• **Activity**: For the records that follow, give the number of lines in which the word "Nguyễn" occurs, with nothing added.
Data for the task Start Marker
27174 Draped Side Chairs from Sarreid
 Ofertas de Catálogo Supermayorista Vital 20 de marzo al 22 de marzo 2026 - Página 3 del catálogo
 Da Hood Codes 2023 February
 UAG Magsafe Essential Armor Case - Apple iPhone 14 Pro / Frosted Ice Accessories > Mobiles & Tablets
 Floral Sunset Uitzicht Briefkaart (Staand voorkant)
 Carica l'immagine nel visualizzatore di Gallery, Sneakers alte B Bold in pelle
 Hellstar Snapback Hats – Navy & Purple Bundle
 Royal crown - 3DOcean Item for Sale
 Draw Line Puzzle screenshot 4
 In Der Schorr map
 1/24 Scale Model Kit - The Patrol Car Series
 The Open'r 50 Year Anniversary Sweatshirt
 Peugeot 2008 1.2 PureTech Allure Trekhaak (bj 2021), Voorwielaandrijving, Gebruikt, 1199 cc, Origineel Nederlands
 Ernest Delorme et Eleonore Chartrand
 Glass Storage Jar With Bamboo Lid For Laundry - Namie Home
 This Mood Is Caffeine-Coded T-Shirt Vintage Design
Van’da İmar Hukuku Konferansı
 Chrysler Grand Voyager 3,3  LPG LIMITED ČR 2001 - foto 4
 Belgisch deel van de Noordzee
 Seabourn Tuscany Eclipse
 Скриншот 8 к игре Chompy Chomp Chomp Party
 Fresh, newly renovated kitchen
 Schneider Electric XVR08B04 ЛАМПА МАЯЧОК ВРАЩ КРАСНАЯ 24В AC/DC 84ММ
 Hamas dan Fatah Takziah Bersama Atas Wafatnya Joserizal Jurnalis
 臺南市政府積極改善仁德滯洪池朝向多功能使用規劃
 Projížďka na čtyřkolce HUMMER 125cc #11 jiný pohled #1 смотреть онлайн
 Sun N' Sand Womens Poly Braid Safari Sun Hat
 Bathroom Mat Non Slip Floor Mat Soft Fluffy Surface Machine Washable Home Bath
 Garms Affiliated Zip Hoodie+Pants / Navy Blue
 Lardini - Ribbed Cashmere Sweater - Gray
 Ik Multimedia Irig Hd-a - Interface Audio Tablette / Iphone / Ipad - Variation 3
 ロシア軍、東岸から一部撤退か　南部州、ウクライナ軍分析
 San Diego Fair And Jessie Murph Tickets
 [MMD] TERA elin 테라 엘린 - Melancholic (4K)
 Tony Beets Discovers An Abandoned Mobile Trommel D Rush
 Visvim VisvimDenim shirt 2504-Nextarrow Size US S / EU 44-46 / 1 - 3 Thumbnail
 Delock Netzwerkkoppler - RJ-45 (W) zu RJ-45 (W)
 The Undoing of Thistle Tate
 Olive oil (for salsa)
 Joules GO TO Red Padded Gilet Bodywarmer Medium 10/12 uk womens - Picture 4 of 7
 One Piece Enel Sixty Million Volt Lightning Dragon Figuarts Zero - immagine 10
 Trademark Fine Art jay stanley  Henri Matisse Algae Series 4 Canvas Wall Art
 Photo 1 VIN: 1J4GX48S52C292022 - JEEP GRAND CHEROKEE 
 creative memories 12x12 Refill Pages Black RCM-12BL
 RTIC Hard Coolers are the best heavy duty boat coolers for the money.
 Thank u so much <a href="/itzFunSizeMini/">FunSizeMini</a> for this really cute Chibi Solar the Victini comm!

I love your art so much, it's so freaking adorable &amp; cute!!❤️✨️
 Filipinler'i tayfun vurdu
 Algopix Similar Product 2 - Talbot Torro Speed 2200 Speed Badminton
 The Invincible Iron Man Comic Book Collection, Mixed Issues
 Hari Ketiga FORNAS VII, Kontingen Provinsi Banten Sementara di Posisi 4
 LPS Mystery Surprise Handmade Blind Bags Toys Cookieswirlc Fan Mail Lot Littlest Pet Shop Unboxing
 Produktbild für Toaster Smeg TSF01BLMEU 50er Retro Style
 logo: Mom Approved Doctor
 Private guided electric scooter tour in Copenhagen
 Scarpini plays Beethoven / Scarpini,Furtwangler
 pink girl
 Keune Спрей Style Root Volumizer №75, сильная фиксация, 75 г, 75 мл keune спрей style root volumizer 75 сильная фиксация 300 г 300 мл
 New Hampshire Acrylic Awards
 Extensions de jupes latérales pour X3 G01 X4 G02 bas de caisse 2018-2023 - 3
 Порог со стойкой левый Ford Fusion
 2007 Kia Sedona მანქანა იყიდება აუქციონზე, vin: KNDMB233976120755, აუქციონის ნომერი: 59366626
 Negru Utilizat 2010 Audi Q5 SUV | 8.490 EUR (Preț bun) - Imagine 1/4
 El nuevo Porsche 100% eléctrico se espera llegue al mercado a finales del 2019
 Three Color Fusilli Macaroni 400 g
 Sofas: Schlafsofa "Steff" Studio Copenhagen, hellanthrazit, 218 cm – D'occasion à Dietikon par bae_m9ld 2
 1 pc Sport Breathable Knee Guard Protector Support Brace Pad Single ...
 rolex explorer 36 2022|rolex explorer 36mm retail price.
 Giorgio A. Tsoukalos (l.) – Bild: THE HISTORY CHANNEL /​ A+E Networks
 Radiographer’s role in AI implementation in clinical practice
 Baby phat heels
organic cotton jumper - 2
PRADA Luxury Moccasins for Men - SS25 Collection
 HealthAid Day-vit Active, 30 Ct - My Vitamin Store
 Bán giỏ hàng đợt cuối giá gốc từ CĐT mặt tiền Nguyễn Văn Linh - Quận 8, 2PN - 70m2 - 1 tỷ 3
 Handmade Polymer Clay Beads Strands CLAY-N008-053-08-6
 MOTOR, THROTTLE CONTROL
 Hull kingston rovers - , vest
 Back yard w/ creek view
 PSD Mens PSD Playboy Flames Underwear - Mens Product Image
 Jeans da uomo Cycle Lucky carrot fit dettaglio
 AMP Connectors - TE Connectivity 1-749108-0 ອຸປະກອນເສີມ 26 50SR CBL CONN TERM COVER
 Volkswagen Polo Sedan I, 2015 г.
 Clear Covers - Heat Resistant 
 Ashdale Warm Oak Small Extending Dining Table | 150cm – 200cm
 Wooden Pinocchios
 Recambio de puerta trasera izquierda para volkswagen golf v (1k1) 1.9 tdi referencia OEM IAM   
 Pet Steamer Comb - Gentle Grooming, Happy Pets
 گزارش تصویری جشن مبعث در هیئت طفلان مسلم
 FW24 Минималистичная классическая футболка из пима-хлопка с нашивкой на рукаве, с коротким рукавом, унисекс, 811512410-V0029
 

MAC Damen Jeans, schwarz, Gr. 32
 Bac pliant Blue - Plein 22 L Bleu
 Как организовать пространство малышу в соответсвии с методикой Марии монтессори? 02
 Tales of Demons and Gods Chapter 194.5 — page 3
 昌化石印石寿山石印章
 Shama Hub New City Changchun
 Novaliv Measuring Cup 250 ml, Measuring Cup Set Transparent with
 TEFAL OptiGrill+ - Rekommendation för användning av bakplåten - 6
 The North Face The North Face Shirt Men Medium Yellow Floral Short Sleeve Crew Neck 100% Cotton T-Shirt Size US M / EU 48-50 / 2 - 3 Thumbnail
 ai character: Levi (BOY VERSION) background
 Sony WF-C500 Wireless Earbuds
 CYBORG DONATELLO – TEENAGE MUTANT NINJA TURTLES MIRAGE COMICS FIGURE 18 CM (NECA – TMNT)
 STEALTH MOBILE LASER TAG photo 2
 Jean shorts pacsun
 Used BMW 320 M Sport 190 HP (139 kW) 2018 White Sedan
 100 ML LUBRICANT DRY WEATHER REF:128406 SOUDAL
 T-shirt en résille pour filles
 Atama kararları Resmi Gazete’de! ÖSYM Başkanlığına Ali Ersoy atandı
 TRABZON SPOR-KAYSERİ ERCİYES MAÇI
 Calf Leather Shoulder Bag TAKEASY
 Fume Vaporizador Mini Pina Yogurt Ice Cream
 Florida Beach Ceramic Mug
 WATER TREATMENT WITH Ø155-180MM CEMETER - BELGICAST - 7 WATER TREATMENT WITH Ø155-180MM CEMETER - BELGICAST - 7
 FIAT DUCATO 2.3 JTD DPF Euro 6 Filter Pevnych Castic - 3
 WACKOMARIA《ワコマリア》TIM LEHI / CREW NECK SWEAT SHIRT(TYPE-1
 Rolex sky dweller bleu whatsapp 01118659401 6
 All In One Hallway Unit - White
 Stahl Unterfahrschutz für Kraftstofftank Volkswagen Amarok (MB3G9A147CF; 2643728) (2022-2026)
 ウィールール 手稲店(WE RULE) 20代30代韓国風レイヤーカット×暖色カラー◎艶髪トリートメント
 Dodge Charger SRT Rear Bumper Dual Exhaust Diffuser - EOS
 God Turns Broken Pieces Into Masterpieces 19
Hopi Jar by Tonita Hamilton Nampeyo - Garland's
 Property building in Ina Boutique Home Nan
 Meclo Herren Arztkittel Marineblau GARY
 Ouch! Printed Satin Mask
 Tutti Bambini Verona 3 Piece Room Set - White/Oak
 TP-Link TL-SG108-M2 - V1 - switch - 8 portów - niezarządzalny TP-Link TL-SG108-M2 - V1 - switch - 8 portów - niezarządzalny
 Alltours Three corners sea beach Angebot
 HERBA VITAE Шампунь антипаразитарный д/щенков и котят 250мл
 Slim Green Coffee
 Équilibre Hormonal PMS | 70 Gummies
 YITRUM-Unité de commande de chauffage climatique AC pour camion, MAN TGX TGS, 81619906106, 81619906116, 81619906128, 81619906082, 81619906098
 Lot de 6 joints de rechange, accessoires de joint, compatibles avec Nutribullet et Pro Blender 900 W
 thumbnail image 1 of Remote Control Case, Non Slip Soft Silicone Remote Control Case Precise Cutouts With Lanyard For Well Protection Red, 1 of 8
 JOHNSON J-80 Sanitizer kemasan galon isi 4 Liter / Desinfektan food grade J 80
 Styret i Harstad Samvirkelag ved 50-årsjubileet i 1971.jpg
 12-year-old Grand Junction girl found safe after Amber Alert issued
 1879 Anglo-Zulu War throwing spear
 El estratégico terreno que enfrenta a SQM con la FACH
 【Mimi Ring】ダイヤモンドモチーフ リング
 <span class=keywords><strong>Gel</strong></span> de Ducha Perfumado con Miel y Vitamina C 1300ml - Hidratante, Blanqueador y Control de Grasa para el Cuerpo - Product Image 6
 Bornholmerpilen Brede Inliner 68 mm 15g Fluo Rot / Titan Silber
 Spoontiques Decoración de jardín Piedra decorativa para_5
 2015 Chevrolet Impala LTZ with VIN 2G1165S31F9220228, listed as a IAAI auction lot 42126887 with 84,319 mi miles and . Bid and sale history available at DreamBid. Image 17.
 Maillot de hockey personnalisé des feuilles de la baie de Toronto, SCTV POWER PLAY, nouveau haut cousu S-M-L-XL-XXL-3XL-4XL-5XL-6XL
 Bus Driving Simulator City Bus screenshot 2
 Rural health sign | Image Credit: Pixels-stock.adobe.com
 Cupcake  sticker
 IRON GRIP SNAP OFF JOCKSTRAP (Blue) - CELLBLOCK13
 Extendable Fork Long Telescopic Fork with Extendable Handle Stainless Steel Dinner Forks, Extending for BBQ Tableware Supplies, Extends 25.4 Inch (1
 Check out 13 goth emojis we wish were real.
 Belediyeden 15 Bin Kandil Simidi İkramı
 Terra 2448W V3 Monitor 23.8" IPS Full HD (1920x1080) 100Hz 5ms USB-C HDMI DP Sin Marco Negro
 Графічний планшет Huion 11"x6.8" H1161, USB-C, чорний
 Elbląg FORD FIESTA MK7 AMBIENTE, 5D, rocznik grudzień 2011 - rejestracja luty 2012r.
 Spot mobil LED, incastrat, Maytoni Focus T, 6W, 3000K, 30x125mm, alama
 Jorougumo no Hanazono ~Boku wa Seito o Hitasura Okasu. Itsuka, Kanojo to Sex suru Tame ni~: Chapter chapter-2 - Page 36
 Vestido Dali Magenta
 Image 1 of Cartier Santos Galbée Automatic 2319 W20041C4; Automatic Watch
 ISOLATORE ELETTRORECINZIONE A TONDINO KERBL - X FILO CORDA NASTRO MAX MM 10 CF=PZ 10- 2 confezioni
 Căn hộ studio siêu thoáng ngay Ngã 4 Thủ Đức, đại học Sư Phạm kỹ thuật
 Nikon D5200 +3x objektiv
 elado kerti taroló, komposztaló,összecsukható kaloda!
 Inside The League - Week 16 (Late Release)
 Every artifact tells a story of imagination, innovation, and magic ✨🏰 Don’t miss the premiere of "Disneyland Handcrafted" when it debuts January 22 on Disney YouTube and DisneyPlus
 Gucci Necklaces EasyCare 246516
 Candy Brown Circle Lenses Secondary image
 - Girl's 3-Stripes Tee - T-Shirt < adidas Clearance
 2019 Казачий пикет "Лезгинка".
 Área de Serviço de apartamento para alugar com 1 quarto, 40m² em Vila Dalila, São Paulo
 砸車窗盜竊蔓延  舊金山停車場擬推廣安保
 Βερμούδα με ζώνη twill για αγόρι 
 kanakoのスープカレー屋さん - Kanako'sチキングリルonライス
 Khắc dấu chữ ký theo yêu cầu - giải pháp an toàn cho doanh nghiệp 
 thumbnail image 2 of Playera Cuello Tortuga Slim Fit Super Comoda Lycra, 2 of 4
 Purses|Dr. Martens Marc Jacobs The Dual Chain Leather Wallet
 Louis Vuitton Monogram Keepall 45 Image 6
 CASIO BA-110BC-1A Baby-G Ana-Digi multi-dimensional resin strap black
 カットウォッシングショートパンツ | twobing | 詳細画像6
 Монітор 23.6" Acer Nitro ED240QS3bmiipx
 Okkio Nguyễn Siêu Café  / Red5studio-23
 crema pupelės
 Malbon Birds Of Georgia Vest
Data for the task End Marker
• **Completed exercise**: 2